# Which flat paint from Sherwin Williams in a million dollar home 3,300 sq ft



## 402 Painting (Apr 5, 2017)

I am getting ready to paint a brand new 3,300 sq ft million dollar home 10ft ceilings (except for tall living room). Walls and ceilings same color (light grey) and everything will be flat paint. 

What system would you use to paint. My friend told me even on some of these paints a flat can flash on top of flat. For example i spray and backroll the ceilings first and then do the walls next i will have some overspray going up to the ceiling that could flash.

Wondering a recommendation for which Sherwin Flat ?

Assuming i need to backroll ceilings both coats to avoid having to sand them in-between coats...

MUCH APPRECIATED


----------



## avenge (Sep 25, 2008)

You're a painting contractor, shouldn't you know these things? If you want a top notch job you start with a drywall primer that seals.


----------



## Driftweed (Nov 7, 2012)

You did not think about what paint to use BEFORE you bid the job? I just never understood this philosophy...

That's like bidding out a roofing job, but you aint figured out which shingles you'll use just yet. Or a tile job without picking the tile...

Go ask your paint rep, if you're a real painter you will have one.


----------



## sparehair (Nov 21, 2008)

Driftweed said:


> You did not think about what paint to use BEFORE you bid the job? I just never understood this philosophy...
> 
> That's like bidding out a roofing job, but you aint figured out which shingles you'll use just yet. Or a tile job without picking the tile...
> 
> Go ask your paint rep, if you're a real painter you will have one.


No real painterz call the rep AFTER there is a problem.

Only noobs ask questions before there is a problem.

Havent seen you in a long time driftweed. Are you making more doing bathtubs or painting?

For the record Promar 200 or 400 series flat is pretty nice. 

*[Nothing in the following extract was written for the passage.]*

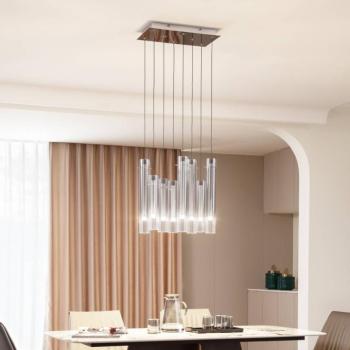 Lucande LED mennyezeti lámpa Korvitha, 8-light, szürke, üveg kép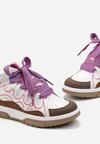 Różowo-Białe Sneakersy z Ozdobnym Sznurowaniem i Brokatem Nevesa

Sent from my SM-N910T using Tapatalk


----------



## avenge (Sep 25, 2008)

sparehair said:


> No real painterz call the rep AFTER there is a problem.
> 
> Only noobs ask questions before there is a problem.
> 
> ...


400 is total junk and 200 is over priced middle of the road I certainly wouldn't use either in a high end home.


----------



## overanalyze (Dec 28, 2010)

Cashmere or Emerald for a higher end home...it is all our painter uses.


----------



## sparehair (Nov 21, 2008)

avenge said:


> 400 is total junk and 200 is over priced middle of the road I certainly wouldn't use either in a high end home.


Could you tell me the performance differences between the two?

Sent from my SM-N910T using Tapatalk


----------



## MarkJames (Nov 25, 2012)

Duration


----------



## TNTRenovate (Aug 19, 2010)

avenge said:


> You're a painting contractor, shouldn't you know these things? If you want a top notch job you start with a drywall primer that seals.


I am a Sherwin Williams guy. So If I walked into a JC Licht store I wouldn't be able to tell you what to use.


----------



## TNTRenovate (Aug 19, 2010)

Driftweed said:


> You did not think about what paint to use BEFORE you bid the job? I just never understood this philosophy...
> 
> That's like bidding out a roofing job, but you aint figured out which shingles you'll use just yet. Or a tile job without picking the tile...
> 
> Go ask your paint rep, if you're a real painter you will have one.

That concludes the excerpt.